There is a widespread feeling that companies will begin accelerating capital spending in 2014. Count Fitch Ratings among the market watchers that are not “feeling it.” Global corporations will continue to run in place in 2014, resulting in only “moderate expansionary capex, tight liquidity management and a continued focus on cost containment in an effort to conserve cash,” according to a Fitch Ratings report released Monday morning.
Analyzing the performance of global companies in the first quarter, Fitch says “improving” market sentiment across developed markets will allow many companies to continue to boost their debt capacity and ratings “headroom” from 2013. But for the most part boards of directors will seek to preserve companies’ financial strength rather than allocate capital toward investments with any substantial risk, the Fitch report says.
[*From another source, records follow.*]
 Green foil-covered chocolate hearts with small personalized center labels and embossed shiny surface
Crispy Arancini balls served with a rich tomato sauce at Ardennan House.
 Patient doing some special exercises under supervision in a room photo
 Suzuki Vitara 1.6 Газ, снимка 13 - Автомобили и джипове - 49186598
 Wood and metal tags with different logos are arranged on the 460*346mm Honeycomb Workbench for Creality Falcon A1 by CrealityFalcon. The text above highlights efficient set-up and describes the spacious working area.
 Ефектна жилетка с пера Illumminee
For example, companies will continue to take a conservative approach to mergers and acquisitions, buying only opportunistically.
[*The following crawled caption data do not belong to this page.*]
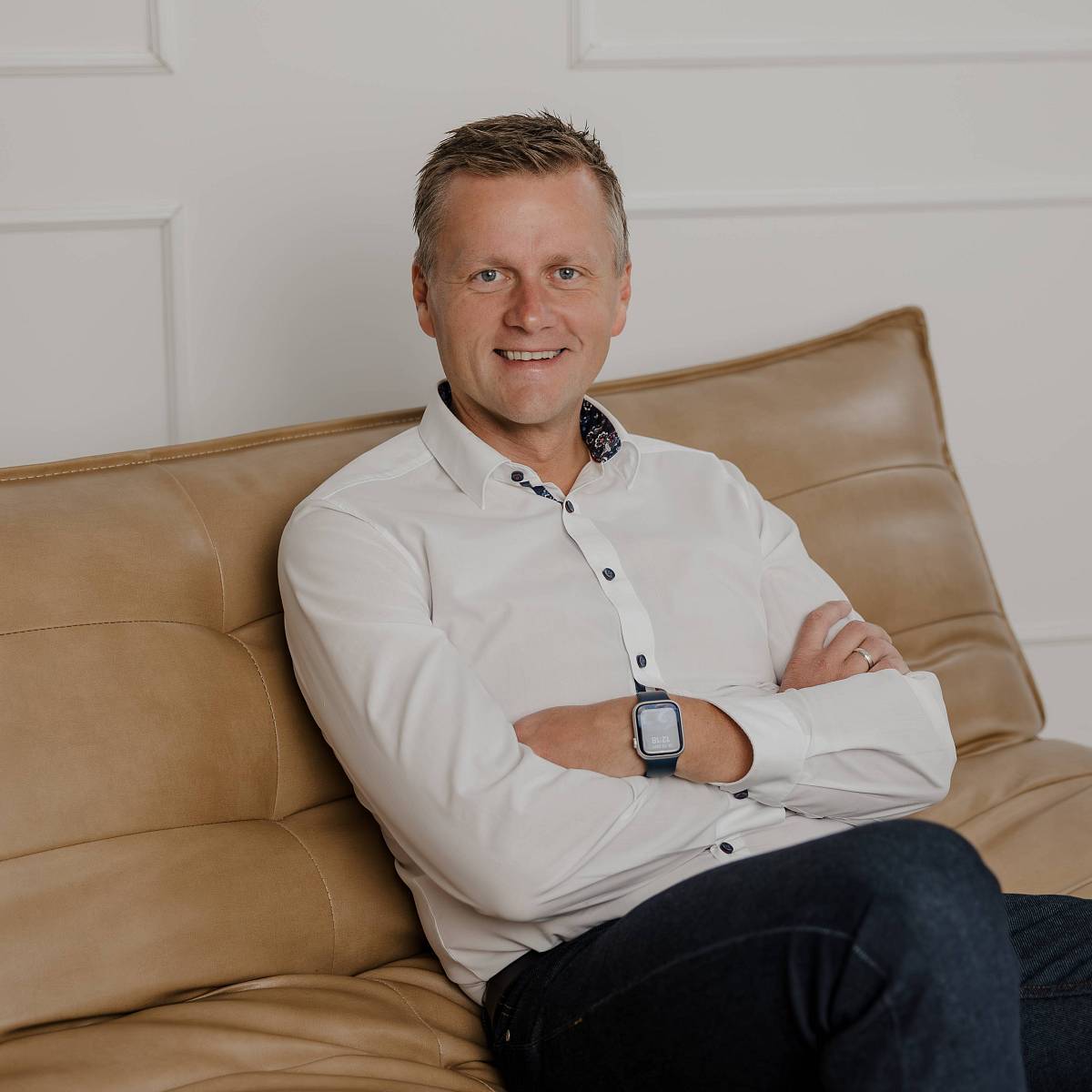 Peter Vogt sitzt entspannt auf einem Ledersofa vor einer hellen Wand und blickt lächelnd in die Kamera.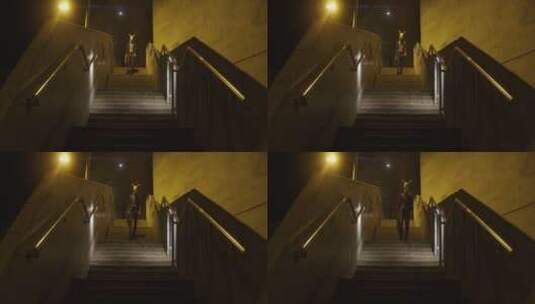 怪异的男人走下台阶横屏高清在线视频素材下载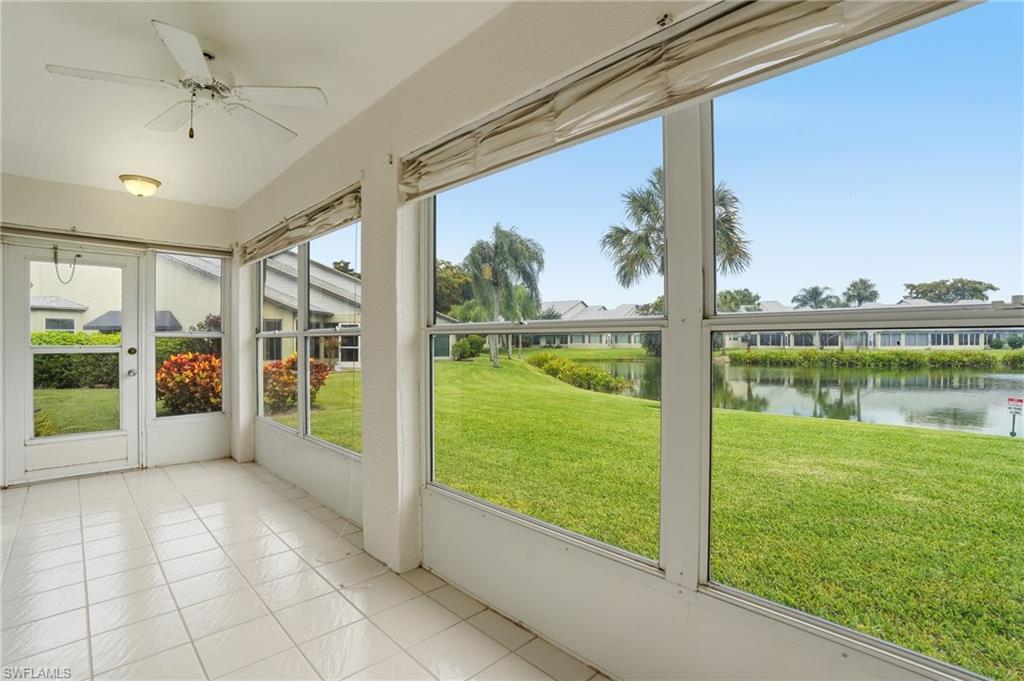 Enclosed patio featuring white tile flooring and a ceiling fan with integrated lighting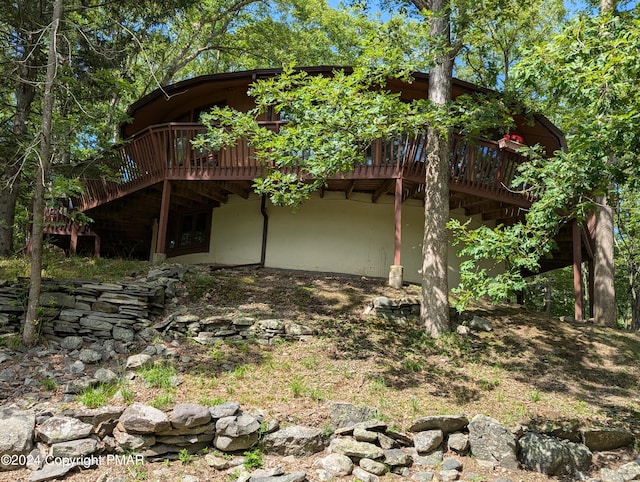 back of property with a wooden deck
For investors, that amounts to low default risk in corporate bond issues. Still there will be a “drip feed” of downgrades until both the European and U.S. economies strengthen, Fitch says. Any downgrades over the next 12 months, however, will likely arise from company-specific issues rather than industry trends, Fitch says.
The economic climate is nowhere near risk free, however. Emerging markets, for example, “face new headwinds from the recent political turmoil in Russia/Ukraine and a continuation of the flight of capital to safer developed markets as the Federal Reserve tapers its quantitative easing [program].” Emerging market growth will outpace that of major advanced economies in 2014, but “the growth differential [will narrow] to its closest level in over a decade,” Fitch says.
Sector-wise, Fitch says in the “Global Corporate Investor Chart Book” report, there are elevated risks in U.S. agribusiness and coal production, as well as southern European utilities, telecoms and chemicals companies.